American politician and lawyer (1782–1845)

Elderkin Potter (August 16, 1782 – October 1845) was an American politician and lawyer from Ohio. He served as a member of the Ohio House of Representatives, representing Columbiana County from 1827 to 1829.

==Early life==
Elderkin Potter was born on August 16, 1782, in Norwich, Vermont, to Abigail (née Payne) and Lyman Potter. His father was a reverend and farmer. His maternal grandfather was Elisha Payne of Lebanon, New Hampshire. His brother Lyman Potter Jr. was a member of the Ohio House of Representatives, representing Trumbull County.

Potter graduated from Dartmouth College in 1802. He read law with Obadiah Jennings of Steubenville, Ohio, in 1803. He was admitted to the bar in 1806. While at Dartmouth, he became a member of the United Fraternity.

==Career==
Potter practiced law in New Lisbon, Ohio, until his death.

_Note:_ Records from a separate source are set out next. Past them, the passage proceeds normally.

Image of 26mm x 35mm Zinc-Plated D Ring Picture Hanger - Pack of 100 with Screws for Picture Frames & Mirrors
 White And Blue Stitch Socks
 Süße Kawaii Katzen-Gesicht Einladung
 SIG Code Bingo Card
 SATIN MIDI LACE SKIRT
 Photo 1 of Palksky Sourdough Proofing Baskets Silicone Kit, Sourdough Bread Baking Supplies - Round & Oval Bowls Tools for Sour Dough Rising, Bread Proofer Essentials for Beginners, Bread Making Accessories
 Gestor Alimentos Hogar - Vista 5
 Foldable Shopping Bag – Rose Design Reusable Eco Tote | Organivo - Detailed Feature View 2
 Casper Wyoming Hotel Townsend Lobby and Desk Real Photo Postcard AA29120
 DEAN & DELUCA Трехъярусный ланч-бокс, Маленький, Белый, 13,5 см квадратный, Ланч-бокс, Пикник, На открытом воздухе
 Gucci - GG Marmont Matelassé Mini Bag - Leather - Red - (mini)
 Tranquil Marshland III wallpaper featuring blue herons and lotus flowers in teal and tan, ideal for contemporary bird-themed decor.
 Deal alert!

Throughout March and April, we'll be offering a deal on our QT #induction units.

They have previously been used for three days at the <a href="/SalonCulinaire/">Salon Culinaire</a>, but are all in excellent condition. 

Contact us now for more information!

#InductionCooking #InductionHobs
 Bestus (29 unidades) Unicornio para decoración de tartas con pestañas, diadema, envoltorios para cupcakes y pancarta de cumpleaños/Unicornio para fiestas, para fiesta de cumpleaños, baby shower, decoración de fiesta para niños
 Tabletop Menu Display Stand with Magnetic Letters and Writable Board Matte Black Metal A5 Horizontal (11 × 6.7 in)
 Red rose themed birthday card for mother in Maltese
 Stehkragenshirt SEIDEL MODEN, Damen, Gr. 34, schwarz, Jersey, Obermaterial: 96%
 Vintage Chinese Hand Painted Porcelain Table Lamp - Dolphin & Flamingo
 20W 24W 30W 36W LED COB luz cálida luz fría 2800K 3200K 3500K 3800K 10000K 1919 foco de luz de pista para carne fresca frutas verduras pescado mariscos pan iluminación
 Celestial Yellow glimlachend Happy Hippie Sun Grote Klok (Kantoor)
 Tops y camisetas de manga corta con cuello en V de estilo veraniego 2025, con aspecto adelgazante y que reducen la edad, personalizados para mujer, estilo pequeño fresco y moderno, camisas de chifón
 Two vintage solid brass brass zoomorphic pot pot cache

In 1810, Potter was elected as prosecuting attorney of Columbiana County. In 1814, Potter worked as cashier of the Columbiana Bank of New Lisbon.

Potter served as a member of the Ohio House of Representatives, representing Columbiana County, from 1827 to 1829.

In 1834, Potter helped break ground of the Sandy and Beaver Canal Company. He was a director of the company and advocated for its creation. In 1837, he was on the building committee of the Presbyterian Church.

==Personal life==
Potter married Jane Waugh, daughter of Reverend Waugh, of Pennsylvania around 1828. He married Lydia Spaulding of Connecticut.

Potter died in October 1845 in New Lisbon.